During one of her talks, Esther Hicks presented her Inner Voice as saying, “Your Inner Being likes to skip and laugh and think about things; your Inner Being likes to offer compliments and feel appreciation and contemplate something that is not fully understood and then feel the understanding come forth. Your Inner Being is just like your frisky two-year old who is eager for life experience. To meet up with your Inner Being just be more like that now.” That quote shares one angle on how to avoid the pitfalls of intellectualism. For a corresponding observation we need only turn to Aldous Huxley who said, “The secret of genius is to carry the spirit of the child into old age, which means never losing your enthusiasm.”
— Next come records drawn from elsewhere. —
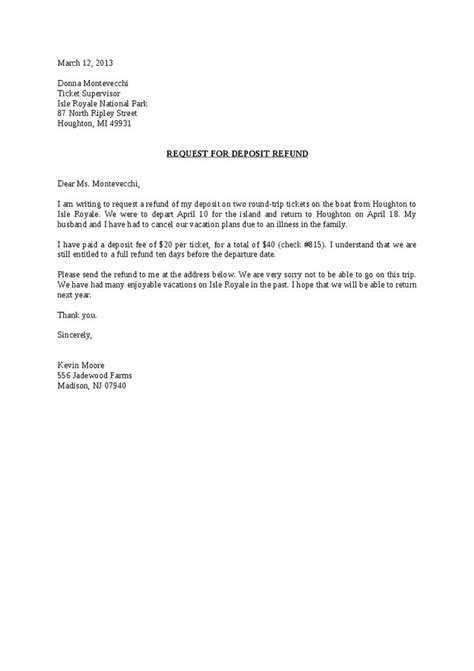 write  refund request letter samples allen words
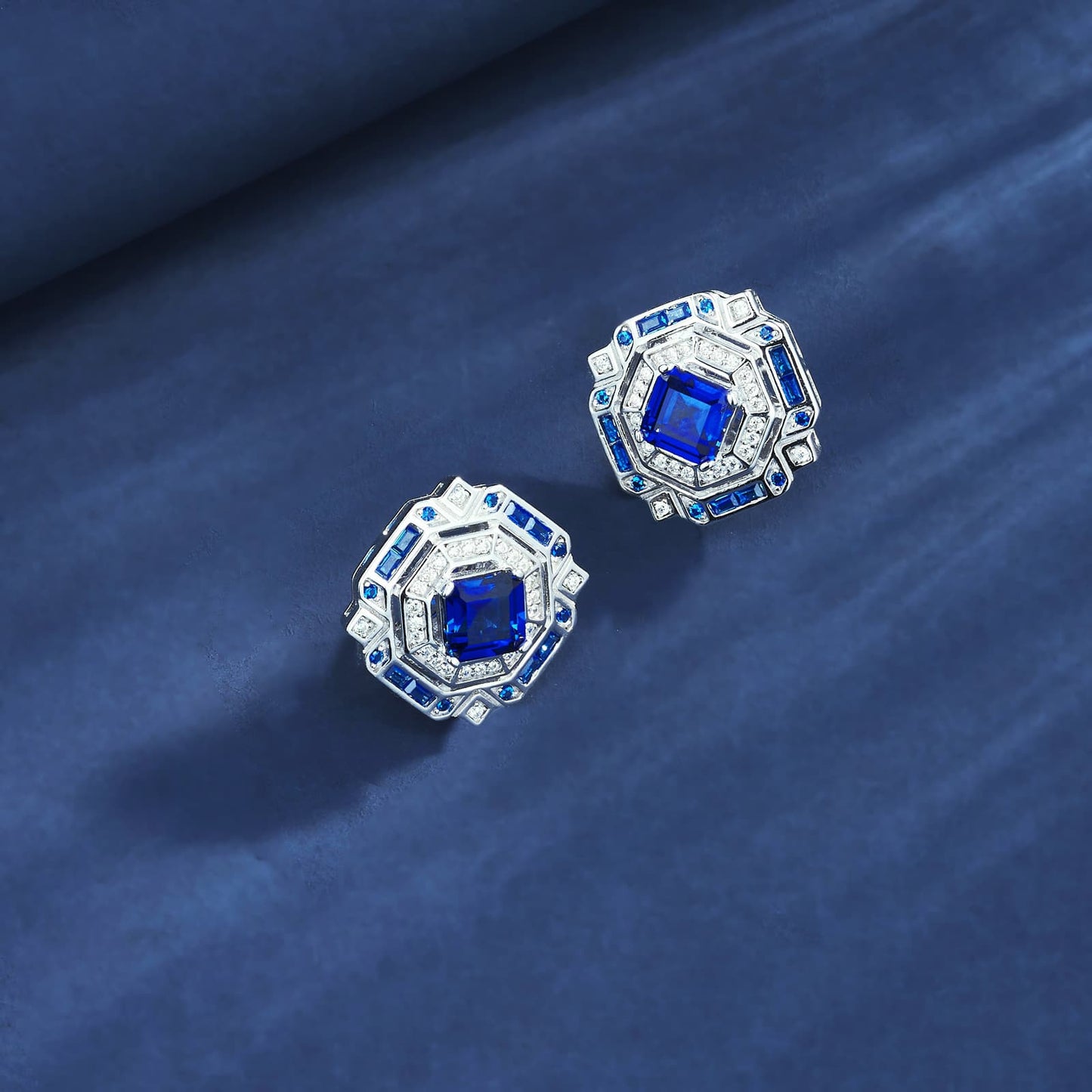 Cushion-Shaped Lab Sapphire Earrings | Rhodium-Plated S925 Silver, Custom Available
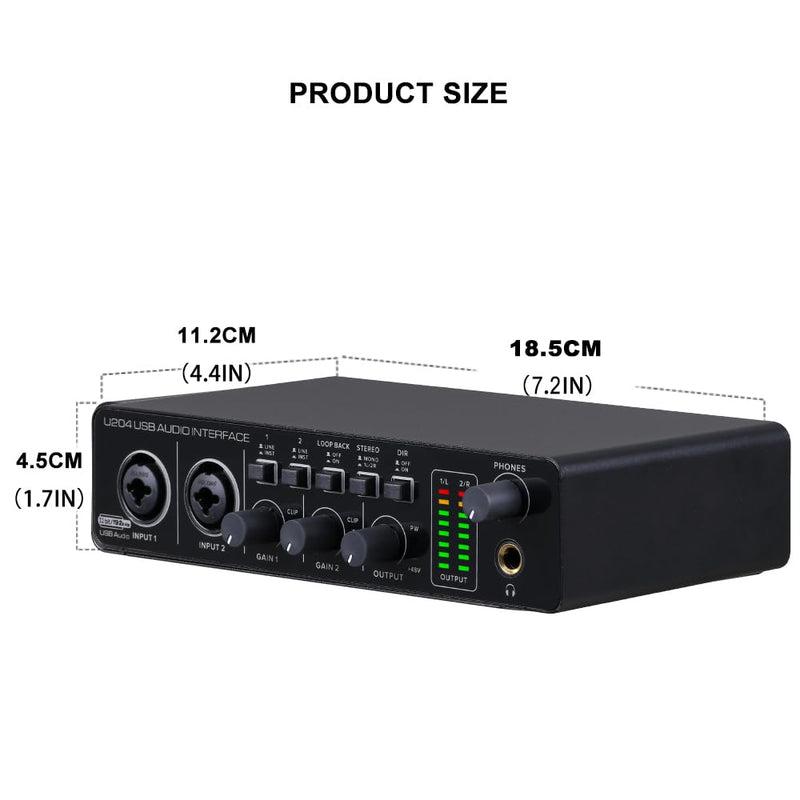 BOMGE U204 USB Audio Interface for PC Computer Recording Music, 2x2 Guitar Audio Interface for Mac 32Bit/192kHz Podcasting Streaming for Vocalist Producer with 48V Phantom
Intellectualism is the practice or habit of using the mind to conceive of ideas that are heartless and cruel in their impact on others, consider them viable options and logically explain why they are most effective. It’s the byproduct of a mind trapped in ego. The ego requires that we deny our emotions and become progressively insensitive to own heartfelt emotions and the hearts and emotions of others. When we cultivate our egos as our false identities, we must tune out our natural capacity for empathy to avoid being overwhelmed by the obvious messages of pain that ego causes us and others to endure as if suffering is inevitable. Intellectualism assumes that suffering is inevitable and that the primary purpose of human life is to decrease the pain and suffering we encounter no matter what the cost of our decisions may be in pain and suffering that others endure. To avoid pain and suffering, a person guided by ego can decide to climb over others on the way to the top because the top looks freer of pain or insulate oneself from others because separating from others looks like a way to protect from pain or at least from awareness of other people’s suffering. Ironically, the ego’s tactics end up isolating us from one another, increasing our agonizing loneliness and leaving us feeling confused, betrayed and powerless. In teaching us to be emotionally uninvolved with ourselves and others, the ego teaches us to avoid forming bonds of love, be alone and accept loneliness as our inevitable lot in life. It’s not our only option. We can choose to reverse the ego’s trapping logic and let the truth in our hearts set us free.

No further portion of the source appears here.